Funding Britain’s Infrastructure – Is there a better way?

There were a lot of headlines yesterday about how the Government were announcing £50bn of investment in Britain’s infrastructure to boost growth. Look below the headlines though and all is not as it seems. The package was announced in a joint article by George Osborne and Danny Alexander on Politics Home. What emerges is that the £50bn investment is only potential, and the bulk of the money is supposed to be invested by the private sector, with the Government providing guarantees for the project. Sounds a bit like socialising losses again to me. Here is the key passage:

First, the Government will make available innovative new guarantees for major infrastructure projects that have stalled because of lack of available finance. We will put the hard-won credibility of the nation’s balance sheet to work for the benefit of the whole economy. The two-year scheme begins today, with the first guarantees expected to be awarded in the autumn. To be eligible, projects will be of national significance – as identified by the Government’s National Infrastructure Plan 2011; financially credible; good value for the taxpayer but without a guarantee would be unable to proceed. And they must be ready to begin construction within a year. This scheme has the potential to transform UK infrastructure – up to £40 billion of energy, transport, communication and utilities projects could benefit.

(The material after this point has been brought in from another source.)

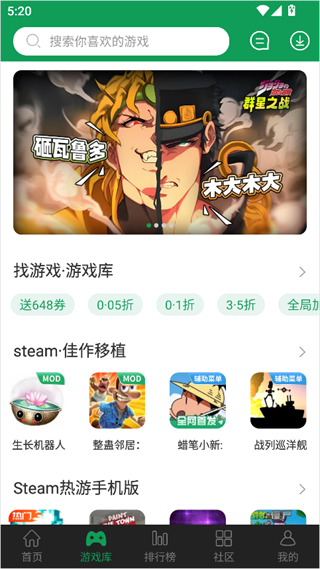 7723游戏盒老版本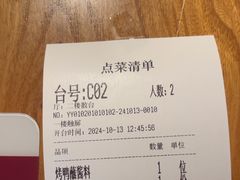 -青年公社烤鸭(肇嘉浜路店)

This represents the Government tying itself in knots trying to come up with ways of generating growth without actually having to commit to extra spending, which would make it look like they were deviating from ‘Plan A’. They have already tried this with housing, but ultimately, it is likely to fail. The assumption is that the private sector is crying out to invest, but those dastardly banks just won’t lend. In reality, it’s far from certain that a large number of additional projects will happen just because the Government will provide these new guarantees. Far more likely is that projects that were going to happen anyway just park the bulk of the risk with the Government. Not such a great deal for the tax payer. But is there another way? Two very obvious ones spring to mind. Both are no-brainers.

No-brainer 1

The Government can currently borrow short-term at negative real rates of interest, and longer term for under 2%. The ‘markets’ would not panic if the Government announced it was going to borrow for capital investment. It should do this now, and get spending straight away rather than in 2014. This would also put a lot of people back to work, which would reduce current spending, which our deficit hawks are much more worried about.

No-brainer 2

In the UK, we have our our central bank and our own currency. QE has demonstrated that the central bank can remove one third of the national debt from circulation without any impact on inflation. The Government could be more direct and borrow straight from the central bank and spend the money on infrastructure. This has the advantage of being 0% interest and cuts the markets out of the picture. At the moment this idea is not even on the radar of any politician. It is seen as nuts. But it really is a no-brainer. A Government’s job should be to use all the tools at its disposal to ensure the welfare of its people. If it chooses not to, it’s an act of gross negligence.

So when will the Government stop fiddling and start doing what’s necessary to get our economy moving again? Answers on a postcard.